Here are some conditions that could lead to a tax write off for your small business:

* Bad debts. Taxes are based on received income. As such, a tax write off can be invoked for bad debts, or receivables which have not been, well, received. You don’t have to include bad debts in the computation of your income for the fiscal year, though they must be declared.

* Personal loans. If your business has availed of personal loans, do bear in mind that they can be considered as a tax write off as well. Sometimes, we tend to add them as income since they jack up the gross value of our enterprise. But they are not income, hence they cannot be taxed.

* Pension plan for less than 100 employees.
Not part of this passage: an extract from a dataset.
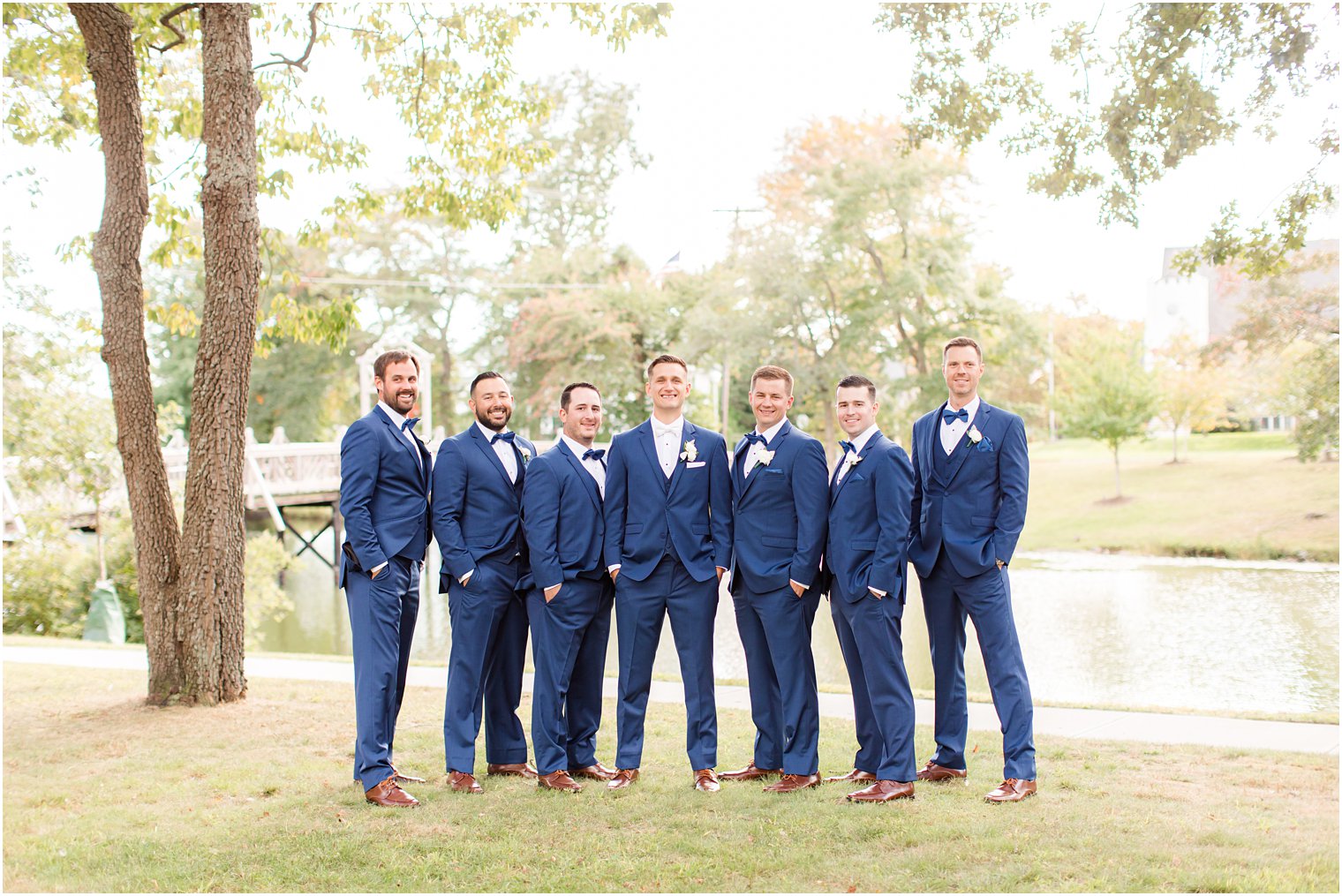 groom poses with groomsmen in navy suits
If you set up a pension plan for your employees, provided that you employ 100 or less people, then your business can be entitled to a tax credit which will be deducted on the taxes you owe, and not just your gross taxable income. This is tantamount to a tax write off as well. It’s the government’s way of encouraging employers to protect their employees’ wellbeing, and it would work for the benefit of your business in the long run.

* State or local taxes. This tax write off deducts State or local income tax, or State or local sales tax, from the computation of your income tax return.

These are but some of the many, many tax write offs your business could take advantage of. Now that you know them, you should strive to put them into good use.